WHAT IS BEING ASKED - The answer must be an exact reprint of the lines from the one with "Item preview, Black" through the final line of the data, with no pictures included.

MATERIAL TO PROCESS -
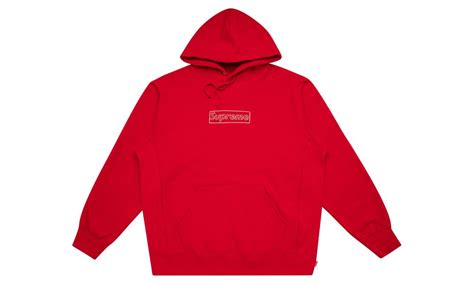 supreme kaws chalk logo hoodie ss 21 red stadium goods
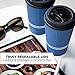 Glowcoast To Go Coffee Cups With Lids - 22 oz Disposable Coffee Cup With Lid. Large Togo Travel Paper Ripple Hot Cups Insulated For Hot, Cold Beverage Drinks, No Sleeves Needed (50, Royal Blue)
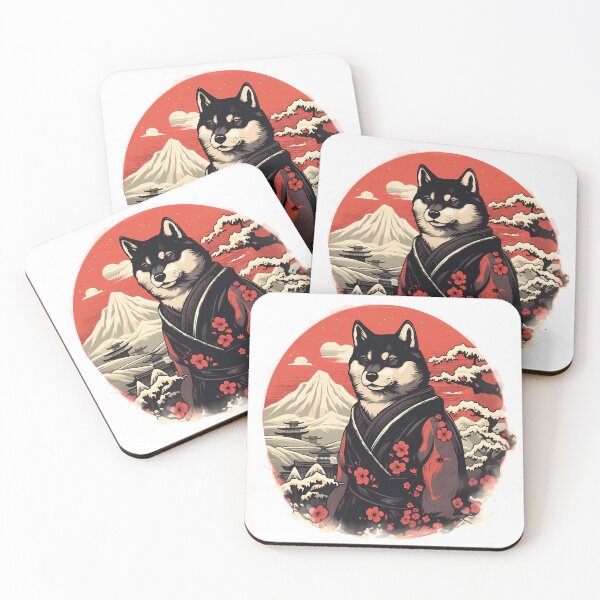 Item preview, Black Shiba Inu Dog Samurai in Floral Hakama designed and sold by laika-et-al.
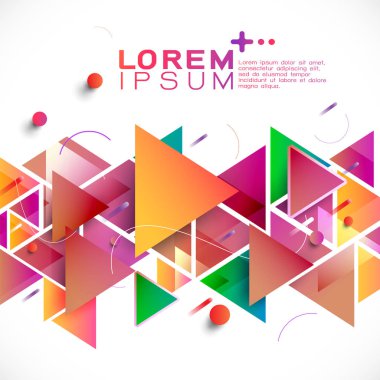 Soyut renkli gradyan karışık geometrik çizgiler şablonu ve orta konumla metin için yer örtüşmesi. Vektör illüstrasyonu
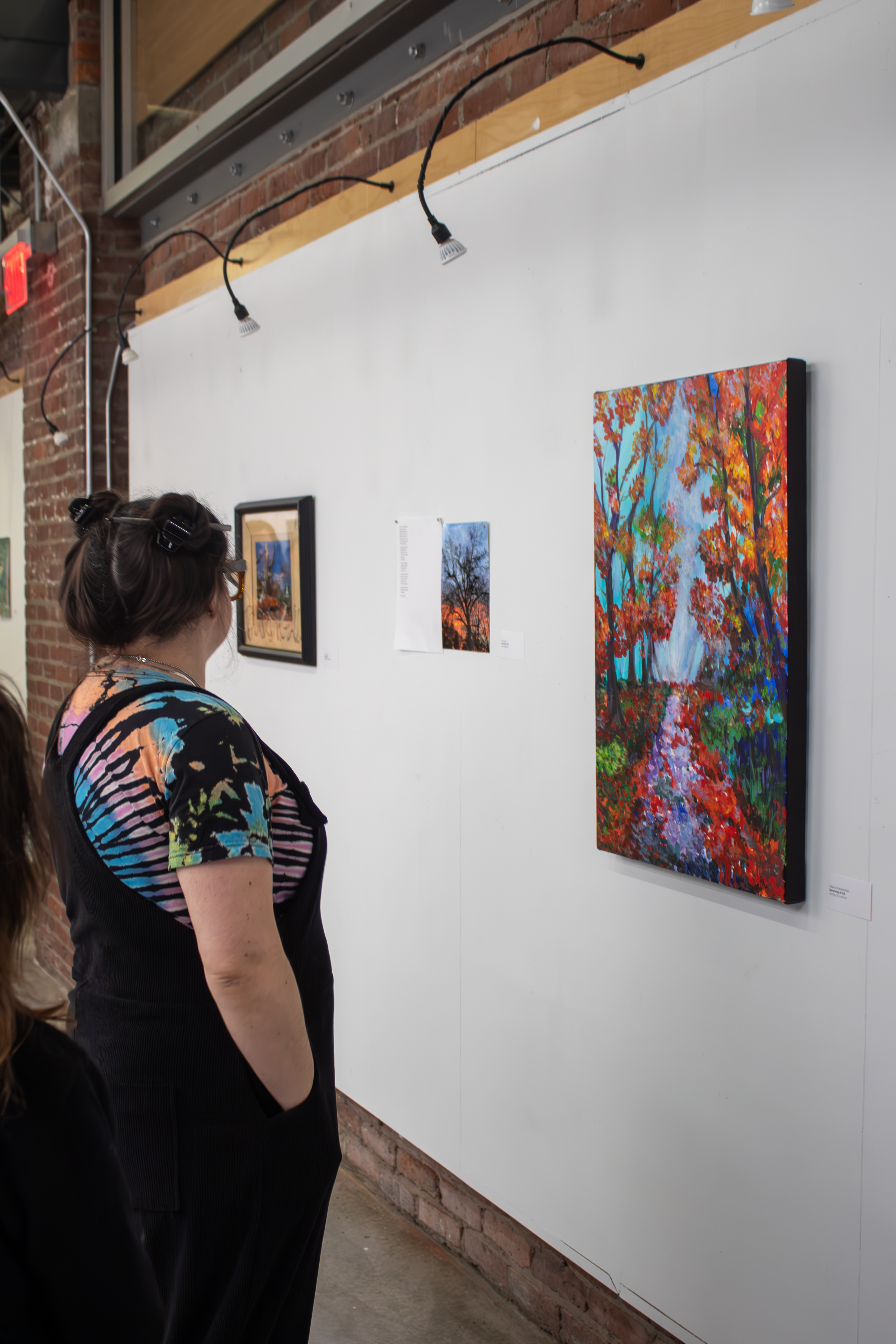 Person viewing Resiliently Rooted exhibit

RESULT -
 Item preview, Black Shiba Inu Dog Samurai in Floral Hakama designed and sold by laika-et-al.
 Soyut renkli gradyan karışık geometrik çizgiler şablonu ve orta konumla metin için yer örtüşmesi. Vektör illüstrasyonu
 Person viewing Resiliently Rooted exhibit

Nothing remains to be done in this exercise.